The headline describes a leveling off, but the data is ugly, ugly, ugly. Compared to other months, it looks OK. But those other months were ugly too.
In April, there was an available metro inventory of 4,480 homes and 324 sales. That’s about 13.8 months of inventory — approximately 2.5 times the amount of inventory we’d see in a healthy market historically. For the most part, inventories are higher in higher-priced areas, but they are too high by historical standards everywhere.
Yes, there is one bright spot in the data: active listings are down significantly from 2010. But that’s in part due to last year’s rush to list properties before the expiration of the tax credit, in part due to sellers’ beliefs inn 2010 that the market was turning and they could likely sell, and in part due to the fact that so many sellers seem to have just given up here in 2011 or have given their properties back to the banks, which are just sitting on them. At the first signs of a true rebound in sales, I expect the number of new listings to surge again. We’ll see.
Looking at normal historical patterns, we’d see about 6% of owner-occupied homes change hands every year, with no more than 4% listed for sale at any one time. It’s spring, so a 4% figure, while high, would be understandable since buyers are so active in the summer.We’d also see in a typical pattern an approximately 1% increase in the single-family housing stock through new construction.

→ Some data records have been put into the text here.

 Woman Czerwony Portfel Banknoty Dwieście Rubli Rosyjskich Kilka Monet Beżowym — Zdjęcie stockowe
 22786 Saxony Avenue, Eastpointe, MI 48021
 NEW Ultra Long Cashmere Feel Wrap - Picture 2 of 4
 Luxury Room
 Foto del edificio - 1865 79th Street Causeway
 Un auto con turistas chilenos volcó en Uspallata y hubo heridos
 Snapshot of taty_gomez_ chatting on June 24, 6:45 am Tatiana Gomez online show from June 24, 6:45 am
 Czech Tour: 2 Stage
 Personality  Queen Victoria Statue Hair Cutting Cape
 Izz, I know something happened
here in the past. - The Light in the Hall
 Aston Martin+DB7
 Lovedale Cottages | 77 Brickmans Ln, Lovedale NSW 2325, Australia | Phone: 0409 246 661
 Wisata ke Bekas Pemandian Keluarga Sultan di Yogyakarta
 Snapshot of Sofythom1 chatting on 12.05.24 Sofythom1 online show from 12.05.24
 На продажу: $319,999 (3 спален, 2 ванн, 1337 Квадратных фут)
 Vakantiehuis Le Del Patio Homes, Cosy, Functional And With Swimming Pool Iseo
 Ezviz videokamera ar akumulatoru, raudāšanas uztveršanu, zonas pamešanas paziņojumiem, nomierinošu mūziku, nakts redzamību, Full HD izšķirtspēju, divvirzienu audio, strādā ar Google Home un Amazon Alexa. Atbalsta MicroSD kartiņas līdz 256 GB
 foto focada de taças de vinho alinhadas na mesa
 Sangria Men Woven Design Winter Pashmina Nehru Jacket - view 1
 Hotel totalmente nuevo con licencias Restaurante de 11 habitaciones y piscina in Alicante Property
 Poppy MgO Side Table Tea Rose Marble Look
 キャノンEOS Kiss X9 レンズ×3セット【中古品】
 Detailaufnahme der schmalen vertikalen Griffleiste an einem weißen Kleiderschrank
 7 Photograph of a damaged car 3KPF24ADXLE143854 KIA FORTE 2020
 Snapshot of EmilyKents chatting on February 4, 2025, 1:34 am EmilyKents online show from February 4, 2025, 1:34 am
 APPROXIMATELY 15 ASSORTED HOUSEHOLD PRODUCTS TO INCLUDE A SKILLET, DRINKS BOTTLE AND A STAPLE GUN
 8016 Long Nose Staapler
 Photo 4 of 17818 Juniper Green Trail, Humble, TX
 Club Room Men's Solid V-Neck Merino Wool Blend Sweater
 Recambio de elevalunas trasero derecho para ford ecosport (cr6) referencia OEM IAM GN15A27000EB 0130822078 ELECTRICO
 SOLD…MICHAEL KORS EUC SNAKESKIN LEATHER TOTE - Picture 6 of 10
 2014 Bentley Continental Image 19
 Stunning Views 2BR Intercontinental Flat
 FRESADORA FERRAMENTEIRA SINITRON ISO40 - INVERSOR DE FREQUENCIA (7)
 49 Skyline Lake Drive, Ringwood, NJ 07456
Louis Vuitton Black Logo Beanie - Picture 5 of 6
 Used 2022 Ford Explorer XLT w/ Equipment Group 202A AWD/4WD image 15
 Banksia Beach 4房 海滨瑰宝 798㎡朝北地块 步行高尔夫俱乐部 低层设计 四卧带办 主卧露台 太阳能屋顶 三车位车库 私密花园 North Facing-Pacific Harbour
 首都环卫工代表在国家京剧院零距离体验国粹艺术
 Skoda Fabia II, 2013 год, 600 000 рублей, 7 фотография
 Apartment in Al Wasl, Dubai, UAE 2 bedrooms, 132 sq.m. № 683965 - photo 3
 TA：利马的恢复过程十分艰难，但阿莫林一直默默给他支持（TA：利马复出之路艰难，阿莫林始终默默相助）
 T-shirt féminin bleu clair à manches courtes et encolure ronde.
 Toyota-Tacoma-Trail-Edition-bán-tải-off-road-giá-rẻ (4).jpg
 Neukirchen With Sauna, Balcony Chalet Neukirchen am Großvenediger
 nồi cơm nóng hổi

We have about 82,000 owner-occupied homes in the tri-county Savannah metro area, which means we should — again, based on historical trends — see close to 5,000 existing homes and about 1,000 new homes sell during the entire year with a peak of maybe 3,300 listed for sale in the spring and early summer (instead of the 4,480 on the market now). So we’ve overshot that listing target by about 1/3rd. The current pace of sales for the year means we could sell approximately 4,000 single-family homes, which is about 1/3rd below a normal sales pace of around 6,000.
There’s no reason at all — none — to expect the sales pace to pick up significantly in the short run. But even if the sales pace did accelerate, we would still have too many homes listed. It would take many, many months of stronger sales combined with fewer listings to work through this backlog of inventory.
Even if the sales vs. listing numbers start to look better in 2012, which is a dubious proposition, it would be at least 2014 (and more likely 2015-2017) before we’d see the levels of inventory drop back to the 6-month mark generally regarded as the outer limit of a “balanced” market. (While that 6-month number is used often, a 5-month inventory is closer to historical trends.)
One of the most obvious ways for the market to control inventory is to add fewer new homes. And that’s been happening, although the decline has not been as drastic as it could have been — and still could be. New residential investment is typically a driver out of a recession; one reason the recovery has been so weak is that there has been so little recovery in construction.
But we won’t — and shouldn’t — see a significant recovery in construction until we work through some of the oversupply and get more distressed properties off the market.